There are some ambiquities in the lectures of content-based filtering. I try to list them as follows:
well, do we have to have the data of user and movie features, i.e. (x_u and x_m), as well as the ratings of users for each movies to start the process,i.e. finding the v_u and v_m vectors?
what about the sizes of x_u and x_m? size(x_u) = (number_users, number_features) and size (x_m) = (number_movies, number_features)? P.S. i know that number_features could be different for both. Or to be more precise:
now, we train x_u in user network and x_m in movie network to be able to find v_u and v_m. so far so good. but do we train users and movies one by one or in a matrix of size , lets say, number_users × number_features and number_movies × number_features ? I mean if we want to have a vector as an output of a network , then we have to use one single user and one single movie as input , otherwise we would have as output a matrix of size len(v_u) × number_users , if v_u is a 1d array, and a matrix of size len(v_m) × number_movies, where , of course , len(v_u) = len(v_m).
In the lecture video " Tensorflow implementation of content-based filtering"
In the video entitled " Collaborative filtering vs Content-based filtering", at 0:59, Prof Andrew mentions
“In other words, it requires having some features of each user, as well as some features of each item and it uses those features to try to decide which items and users might be a good match for each other. With a content-based filtering algorithm, you still have data where users have rated some items. Well, content-based filtering will continue to use r, i, j to denote whether or not user j has rated item i and will continue to use y i, j to denote the rating that user j is given item i if it’s defined.”
Another reference for the same can be found in the video entitled " Deep learning for content-based filtering" at 4:09
"What we’re going to do is construct a cost function J, which is going to be very similar to the cost function that you saw in collaborative filtering, which is assuming that you do have some data of some users having rated some movies, "

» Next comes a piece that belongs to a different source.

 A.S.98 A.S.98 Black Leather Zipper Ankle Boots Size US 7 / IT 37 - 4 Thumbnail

I suppose this solves the first ambiguity. Now, let’s come to the second ambiguity. I believe that in the lecture videos, x_u and x_m are always used to denote single user and movie feature vectors respectively, and not the matrices. Please do correct me if I am wrong. And if your ambiguity is about whether x_u and x_m has the same number of features or not, then Prof Andrew mentions this in the video entitled " Collaborative filtering vs Content-based filtering" at 5:27
“Notice that the user features and movie features can be very different in size. For example, maybe the user features could be 1500 numbers and the movie features could be just 50 numbers. That’s okay too.”
I hope this solves the second ambiguity.
Now, coming to the third one. I guess this is not much of an ambiguity, since it’s just like any other neural network. We can assume that a pair of <user, movie> rating as a single example. Now, you can simply decide the batch-size for the inputs, say we agree on 32. So, we will feed 32 user feature vectors into the user network, and the 32 corresponding movie feature vectors into the movie network, to get 32 pairs of <v_u, v_m>, for which we have 32 ratings as the true labels. I believe this resolves the third one.

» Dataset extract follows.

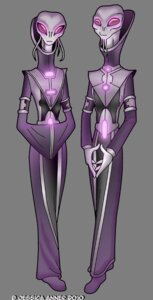 Rating: Safe Score: 0 Tags: alien alpha_channel bottomwear clothed clothing duo e621 female glowing janner3d male not_furry purple_body purple_clothing purple_eyes robe simple_background skirt slim transparent_background User: bunchy7s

Coming to the last one, I am a little unsure if you are referring to the activation functions for the last layers of the user_NN and the item_NN networks. If yes, then they use no activation function or in other words, the “linear” activation function, and that is why, no reference has been mentioned for the same. I hope this resolves the last ambiguity.
I also have a question on this slide and i add it here as it is on the same topic:
why does the output layer not have any activation function in user_NN or item_NN? in this way, how the output layer take the output from last hidden layer and get the vm or vu?